Task objective>
Leave every image out, and print the remaining lines below exactly.

━━━ Data extract

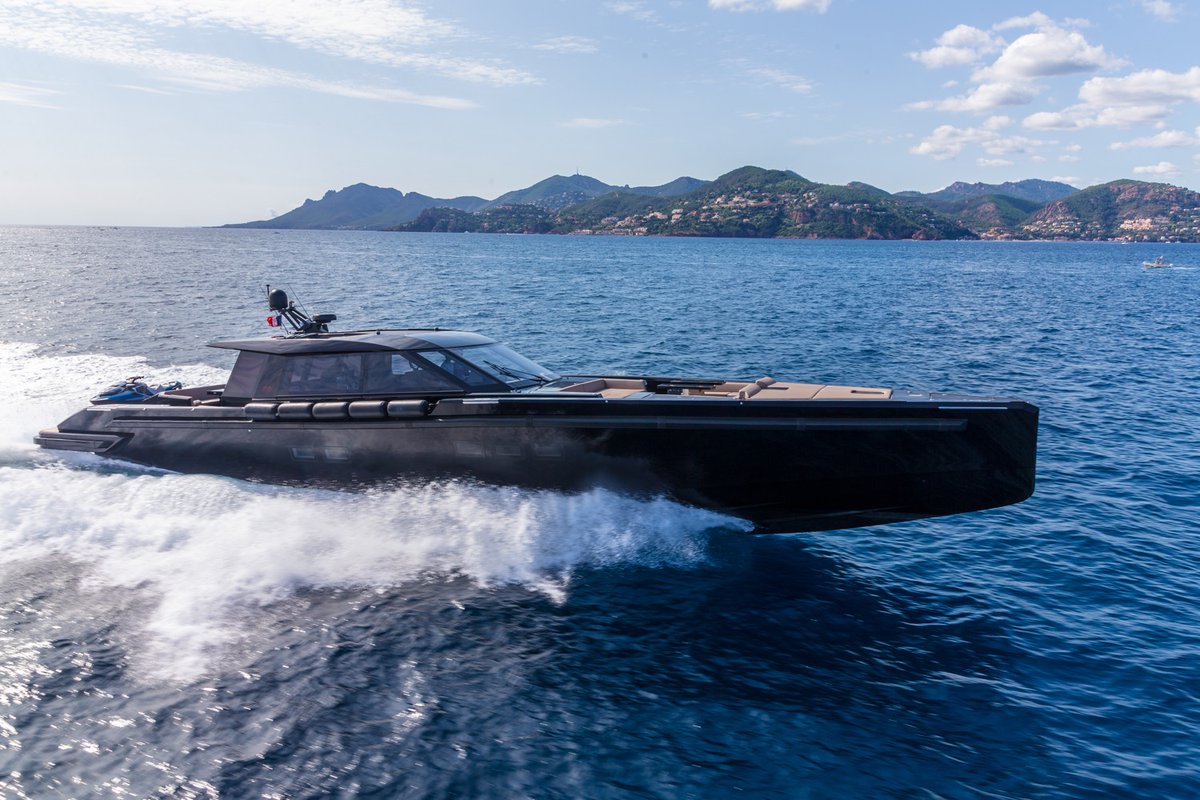 Hey, how about this superfast 42 knots rocket on the water, which has surprisingly large interior space, with main deck saloon and 3 cosy cabins:
hubs.li/H0_k2KV0

#breezeyachting #breezeyachtingswiss #maoriyachts #superfast #arnesondrives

━━━━━━

Response>
 Hey, how about this superfast 42 knots rocket on the water, which has surprisingly large interior space, with main deck saloon and 3 cosy cabins:
hubs.li/H0_k2KV0

#breezeyachting #breezeyachtingswiss #maoriyachts #superfast #arnesondrives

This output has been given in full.